Fecho os olhos, vejo uma menina de pouca idade, uma criança. Ela, ansiosa, espera seu pai chegar do trabalho, pois, todos os dias, ele traz um pirulito para ela. Só ela recebe esse mimo diário de seu pai e isso a faz sentir-se especial.

Olhos fechados, vejo uma menina arteira, já em idade escolar. Ela brinca de pega-pega no colégio e acaba se chocando de cabeça com um menino que, como ela, corria. As marcas, as cicatrizes que ela tem pelo corpo deixam claro que ela gosta é de brincadeira de menino.

Sem abrir os olhos, vejo, então, uma jovem. Aluna nota dez, ela é a melhor da turma por anos consecutivos e isso a deixa segura de si. Mas, nesse ano, é diferente, há um colega que a ameaça e eles disputam o favoritismo a cada resultado, a cada avaliação entregue.

Ainda de olhos fechados, vejo uma adulta em formação, em crise, rompendo com padrões nos quais deveria se enquadrar. Acaba a relação com o primeiro namorado, aquele que dela iria cuidar. Apesar do modelo tentador, dos benefícios financeiros, não é ali que ela quer estar.

Sem precisar abrir os olhos, vejo uma mulher. Ela assiste a um filme e chora; as lágrimas que rolam por sua face são tão fugazes quanto suas certezas. Essa mulher parece tão especial e arteira quanto aquelas meninas, tão segura quanto aquela jovem, tão em crise quanto a adulta em formação.

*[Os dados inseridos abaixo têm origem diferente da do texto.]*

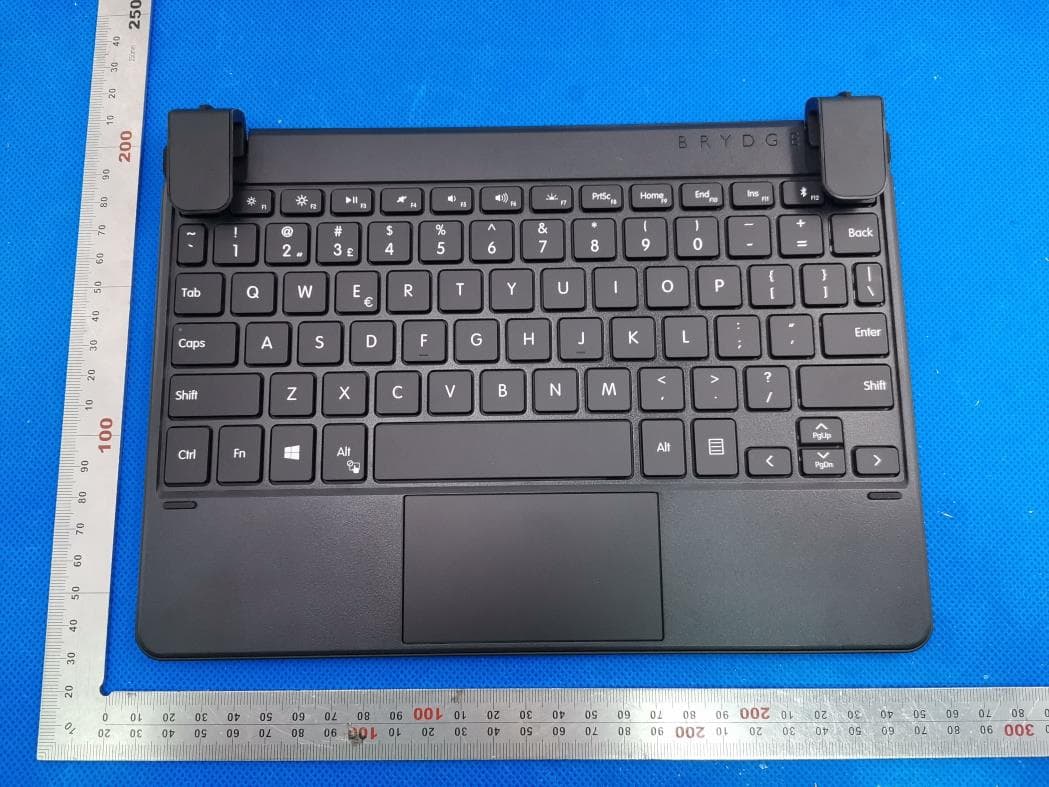 Bluetooth Keyboard - FCC ID 2ADRG-BRY702 - BRYDGE GLOBAL (2)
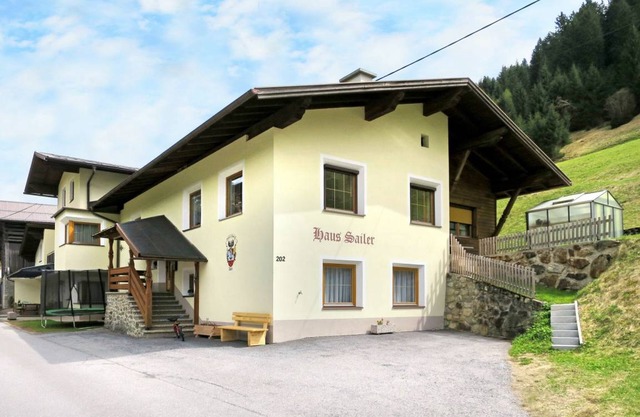 38 m² Apartment ∙ 2 bedrooms ∙ 4 guests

Assistindo a outra cena do filme, ela ri um riso sincero e inesperado. O paradoxo de sua boca macia e seus dentes afiados é como o esforço que faz para manter a esperança neste mundo embrutecido.

A mulher, agora, olha o relógio. O tempo não para, da mesma forma ela tem a impressão de nunca parar. Assim como trabalham os ponteiros do relógio, incessantemente, essa mulher se desfaz e se refaz a cada instante.

Ela resolve dormir. Deita-se com a intenção de um sono tranquilo e revigorante. Ela deseja ter bons motivos para sair da cama no dia seguinte, pois, como o relógio precisa de pilhas para funcionar, ela precisa de sonhos para continuar.

Comentários

Leandro Coimbra disse…
O texto mais lindo que escreveste. Sem mais comentários.
Karina Santana disse…
Obrigada Leandro. Estava fazendo um curso na época em que escrevi esse texto. Tanto tempo que não escrevo, acho que enferrujei, mas tenho vontade de recomeçar. Não sou uma escritora muito talentosa, mas me faz bem colocar minhas ideias no "papel". Abraço.